The latest White House Budget Proposal states that the administration wants “to ensure that Government no longer lags behind the private sector on customer experience”; and bills in both the House and Senate take meaningful steps to help federal agencies better understand how citizens interact with them. Even so, when it comes to the public sector, the conversation about customer experience needs to change.
To begin with, too many people think customer experience, or CX, comes down to customer satisfaction—but it’s not that simple. It’s about so much more than that, and the word “satisfaction” can cause all sorts of confusion. Even the most unsatisfied customer has an experience we can learn from; and satisfaction is not a good gauge or measure of experience, because actual human experience is always complex.
We probably learn most not from those who give us a quick thumbs up or thumbs down, but those whose experiences are mixed, and whose trajectory of engagement with an agency we can map from start to finish.
Perhaps the most important thing to remember is that customer experience is not just about delivering something—something satisfying or unsatisfying—to the customer. In fact, customer experience is primarily about getting something from the customer. Something essential: information, orientation, a sense of what works and what doesn’t, insight into your processes, how you’ve set up your organization, and how best to add value.

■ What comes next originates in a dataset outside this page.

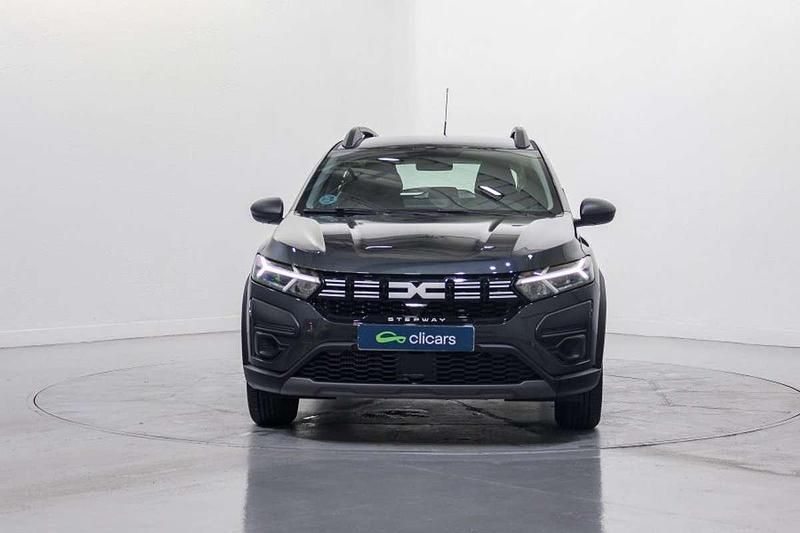 Usado Dacia Sandero Essentiel 91 CV (66 kW) 2023 Gris Utilitario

So it’s time to flip the script: customer experience is not just about giving customers (or users or citizens) what they want; it’s also about getting the insights you want, and need, to fulfill your mission. Understand who your users are, what they are doing or trying to do, and you can build your digital first agency to operate more efficiently and effectively within those parameters.
There are some demonstrated ways to go about getting mission-critical insights from CX. Of course, every agency will have different requirements, depending on its level of funding, its function, its history, and where it falls on the retail to regulator spectrum. In general, however, CX work involves three steps:
Mapping. Gather information on how citizens interact with your agency. Mapping is all about taking the word “experience” seriously, and making it easy for people to give you information. Mapping should be both granular—capturing every aspect of the user’s experience in a single moment—and extensive, from the moment a user first engages to the moment she disengages. For some federal agencies, the map of a user’s experience can extend over an entire lifetime; other experiences are more ephemeral. No matter the duration, a user’s experiences constitute a journey, not just a linear progression from input A to output B. With every user, the map evolves.

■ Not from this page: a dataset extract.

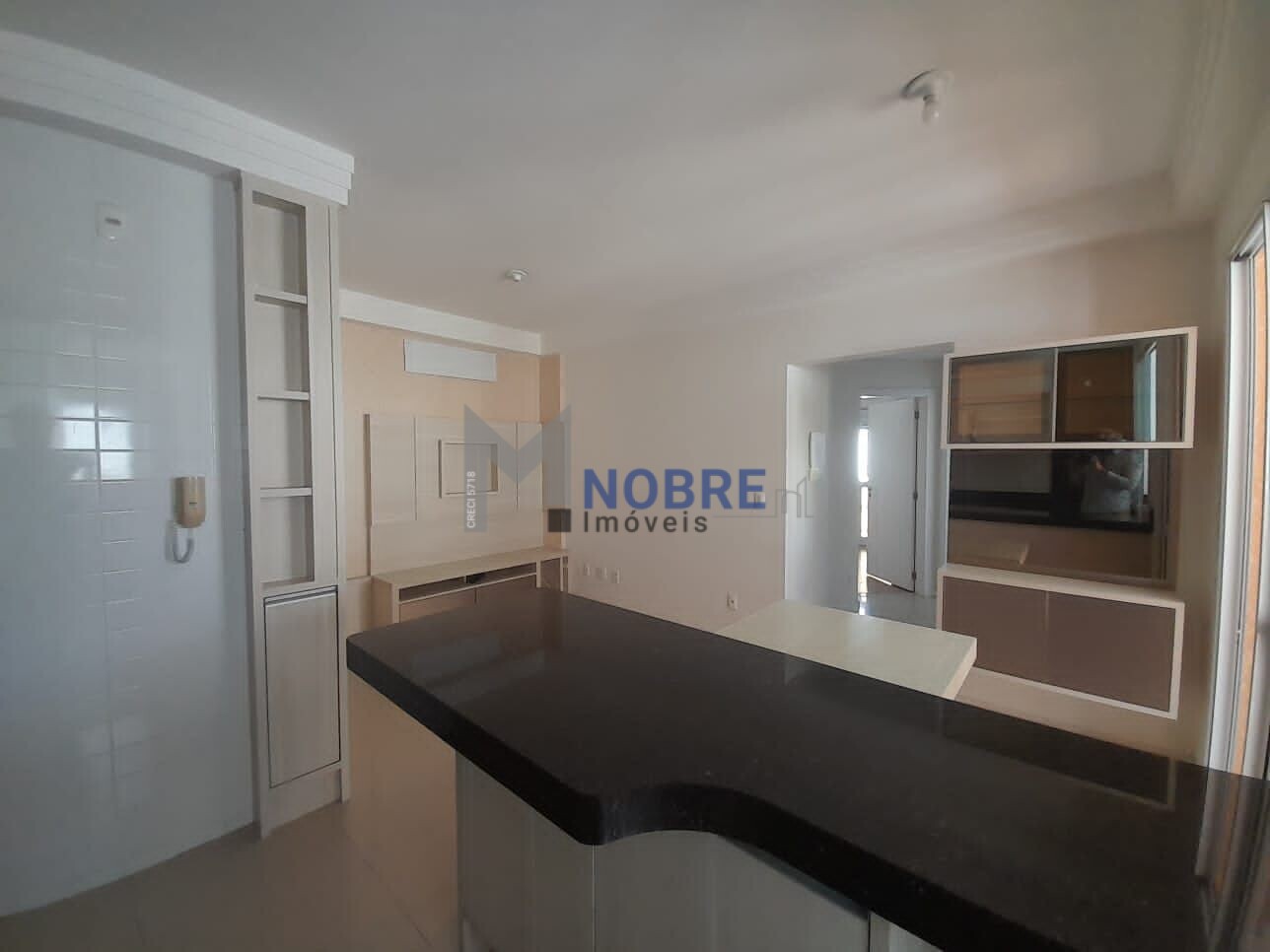 Apartamento à venda com 2 quartos, 61m² - Foto 28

Measuring. Assess and analyze the information gathered in the process of mapping, and use other data to figure out the stories it has to tell. Measuring is not merely a matter of asking your customers to fill out a scorecard, though quick surveys, done right at the moment of customer contact, are especially effective in getting a sense of what’s working and what’s not.
Car rental agencies have done a particularly good job of this. Many now measure on the spot with a quick survey, delivered to your phone before you get to the airport gate, and open a dialogue: if things have not gone as well as they should, there is an employee who is equipped to deal with the issue.
They are not just tallying scores. They are making data actionable. That involves measuring to assess interaction at every organizational touchpoint: from technology to processes and people. Ultimately, measuring is about learning how to work effectively, together, inside your agency and with the customer.
Mindset. Making data actionable is critical. To be able to succeed, you need to turn what you learn into principled action. That comes down to mindset. Think of the way coffee shops set up retail locations and equip employees with the mindset to make customers happy, no matter how specialized the customer’s needs may turn out to be.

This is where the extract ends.